Dahlias
The dahlia tubers looked alien and ancient before I buried them. Like gnarled, arthritic hands. They consisted of up to eight bulbous roots dangling off a narrow stem, shriveled from their time in the garage, nestled in sawdust, stuffed in a paper bag. Carefully, my neighbor told me in detail how to care for them. She pointed out the eyes that would eventually become buds that would eventually become stems that would eventually become magnificent pinwheel heads of multi-colored flowers.
“They’re forgiving,” she said, and handed me a bag full. “I’m planting mine this weekend.”
Dutifully I placed each tuber in a pot full of rich soil, covering them until only the stems stuck out. I watered them and placed them on the floor of my office, beneath the light of a window. Outside, there’s still snow on the ground. It’s a winter that has long outstayed its welcome, not just for us but for everybody.

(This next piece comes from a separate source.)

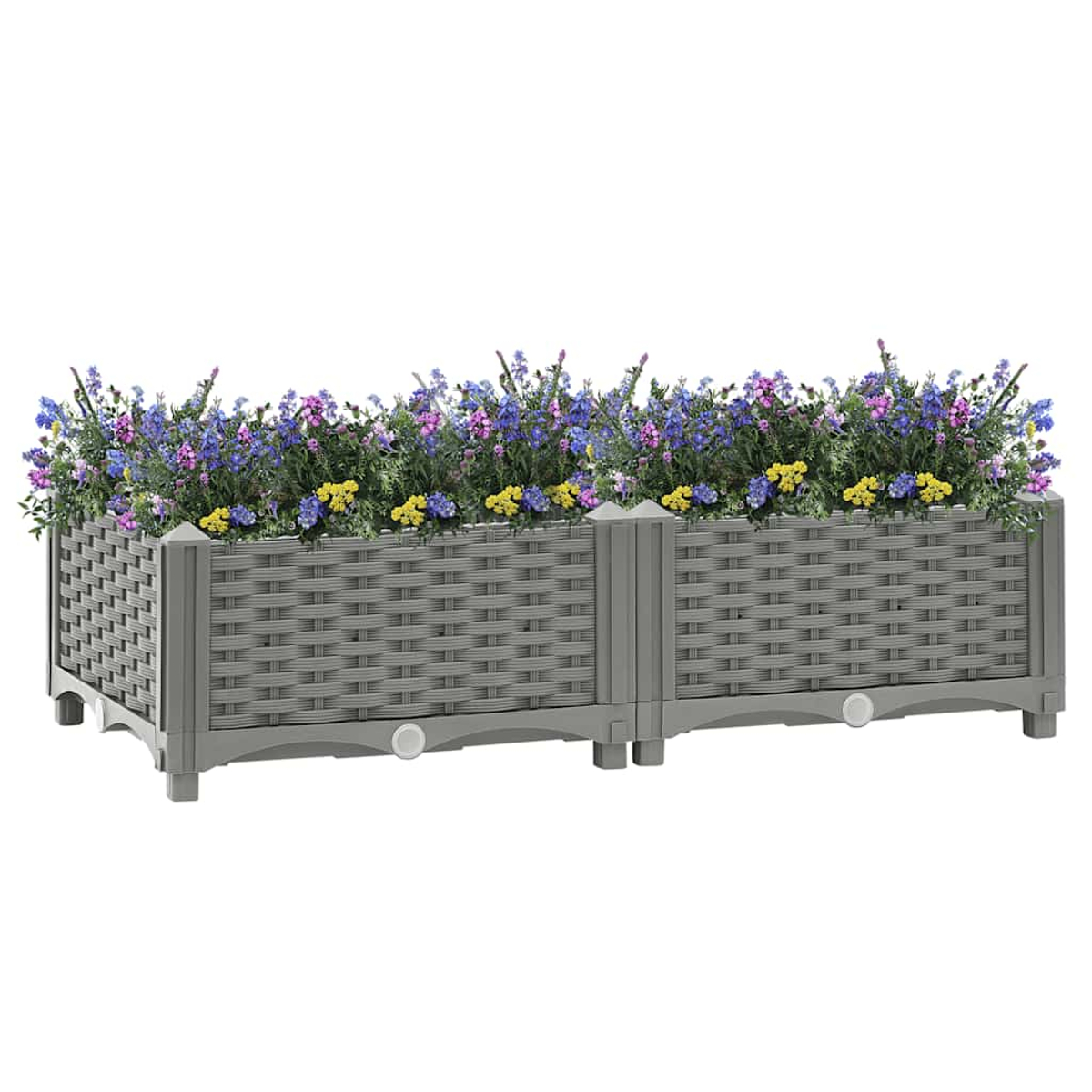 Eine graue Pflanzkasten gefüllt mit bunten Blumen.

“I’ve had three different clients tell me that this is the winter that broke them,” my hair lady said. “They’re moving, all three of them.”
That made me feel better. I am a person who’s been a denizen of Alaskan winters for a long time. I spent close to 20,000 miles on a dogsled over the course of 12 years. Even so, the winds and the darkness got to me this year. I couldn’t say for certain what state of mind I was in when I planned a spring break trip that accidentally was not during the kids’ spring break at all. I totally misread the school district calendar. But I’d be lying if I said I wasn’t thrilled to be getting out of here two weeks earlier than we would have if I’d read it right.

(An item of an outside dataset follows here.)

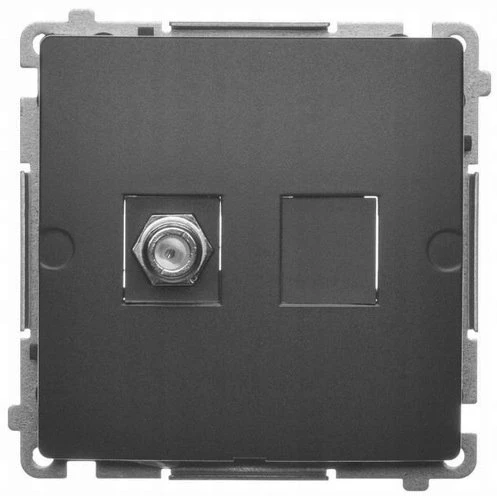 Kontakt Simon BMAF1.01/49 Simon Basic F tipo antenos lizdas, viengubas (modulinis), juodas BMAF1.01/49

In the Arizona sun I kept turning to AP and saying, “I’m so happy.” Just a couple weeks earlier I’d admitted that I wasn’t sure if I remembered what joy felt like. Vitamin D is a hell of a drug. In Cave Creek Canyon the kids ran rampant, soaking their tennis shoes, peeling off their clothes and diving into deeper swimming holes. A pair of acorn woodpeckers swooped over us and called out from the sycamores. Whitman said they sounded like monkeys. I stretched out on a rocky outcropping and let my feet dangle over the water. Flashes of sunlight reflected off the green surface. Beneath, silver minnows swished in the gentle current. I closed my eyes and leaned back. I opened them and AP was looking at me from across the water. “I’m just so happy,” I said.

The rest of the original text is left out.